## ABOUT THIS TASK
Below are records with pictures. Transcribe exactly, and only, the lines from the line with "Krankenschwester Pflege Betreuung" to the line with "prikaz prve stranice", both ends included, but not the pictures.

## EXERCISE DATA
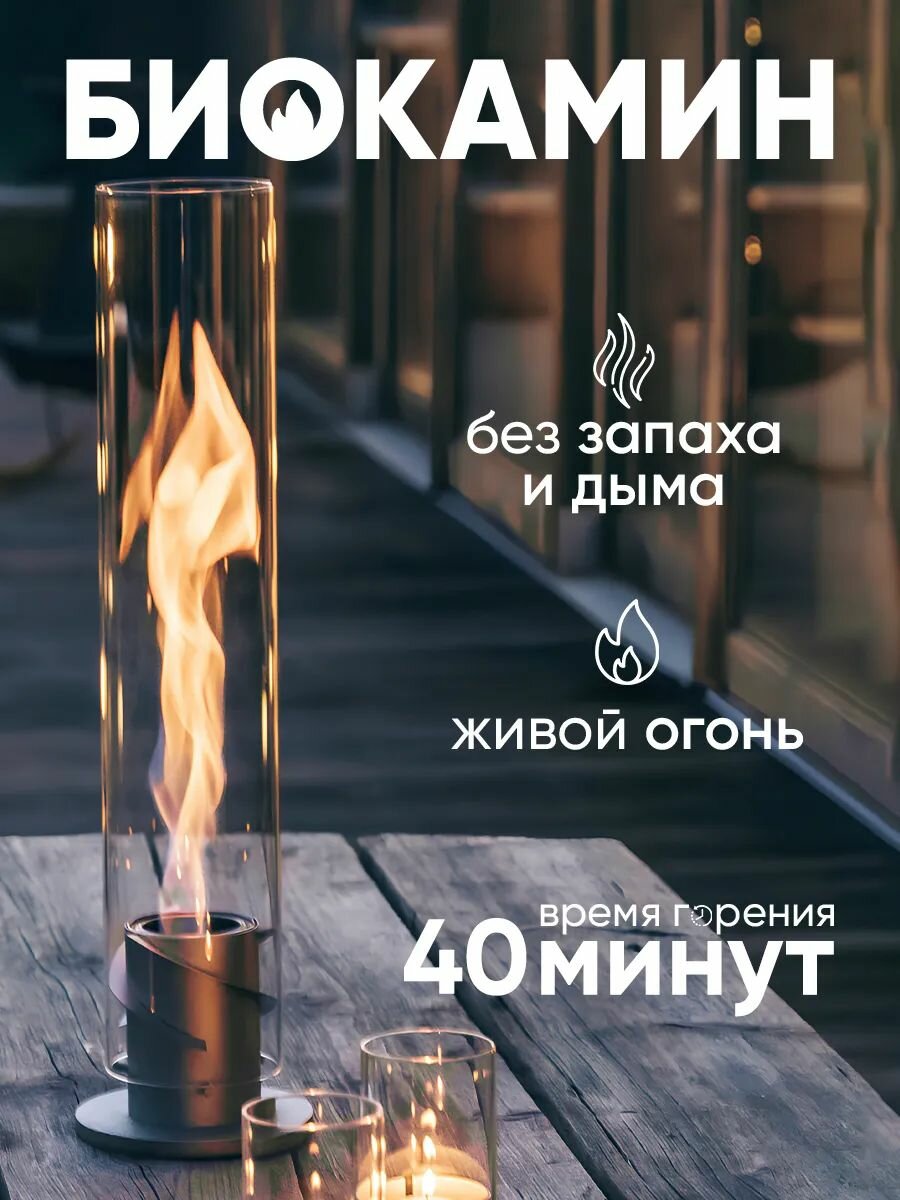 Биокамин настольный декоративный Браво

...

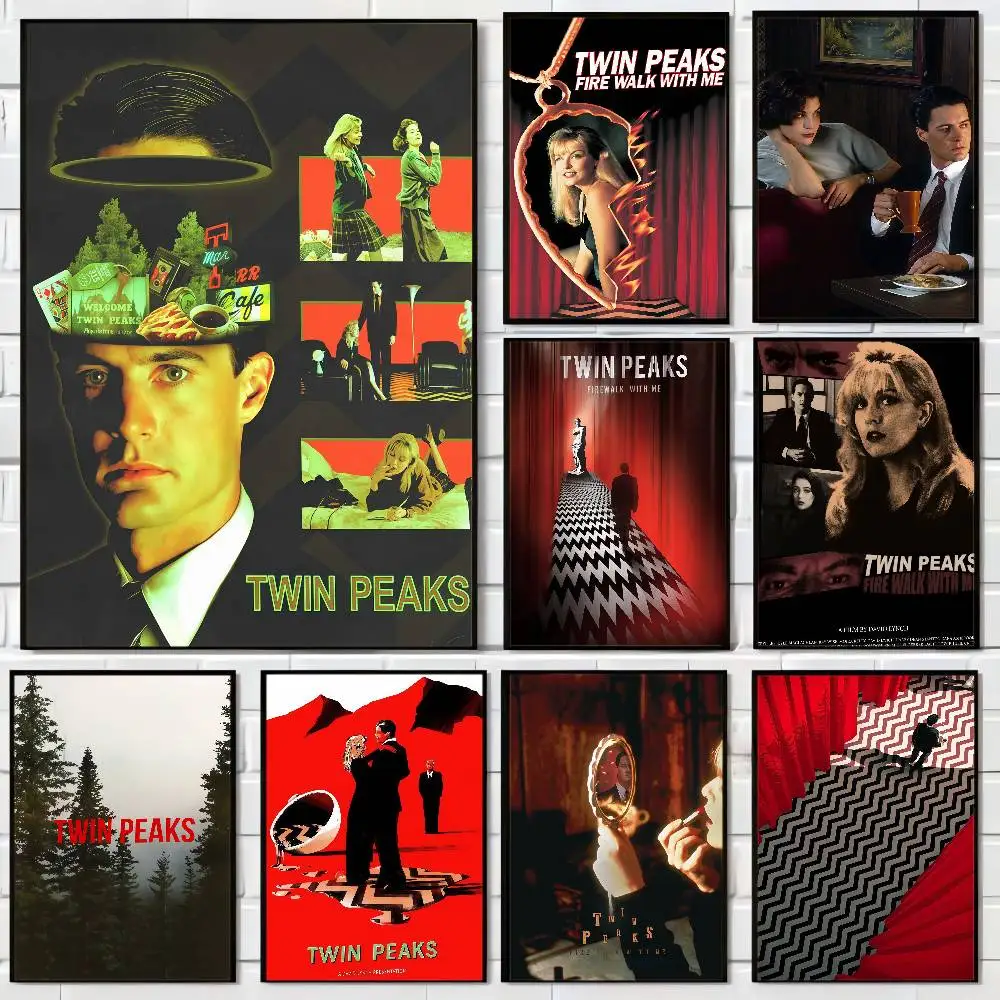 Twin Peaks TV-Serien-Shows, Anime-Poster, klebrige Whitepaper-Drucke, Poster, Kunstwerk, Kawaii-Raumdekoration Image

==

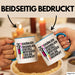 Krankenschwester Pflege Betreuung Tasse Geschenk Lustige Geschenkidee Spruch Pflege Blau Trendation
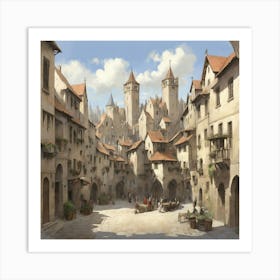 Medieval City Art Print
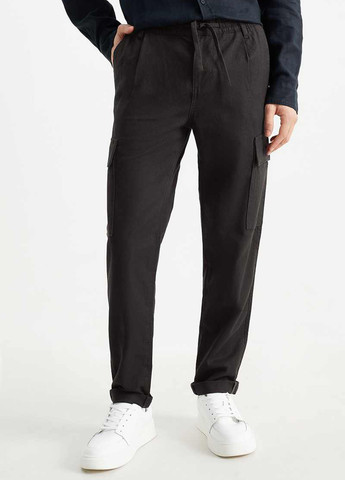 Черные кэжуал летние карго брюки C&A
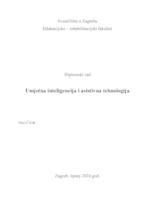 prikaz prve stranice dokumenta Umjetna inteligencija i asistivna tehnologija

## RESPONSE AREA
 Krankenschwester Pflege Betreuung Tasse Geschenk Lustige Geschenkidee Spruch Pflege Blau Trendation
 Medieval City Art Print
 Черные кэжуал летние карго брюки C&A
 prikaz prve stranice dokumenta Umjetna inteligencija i asistivna tehnologija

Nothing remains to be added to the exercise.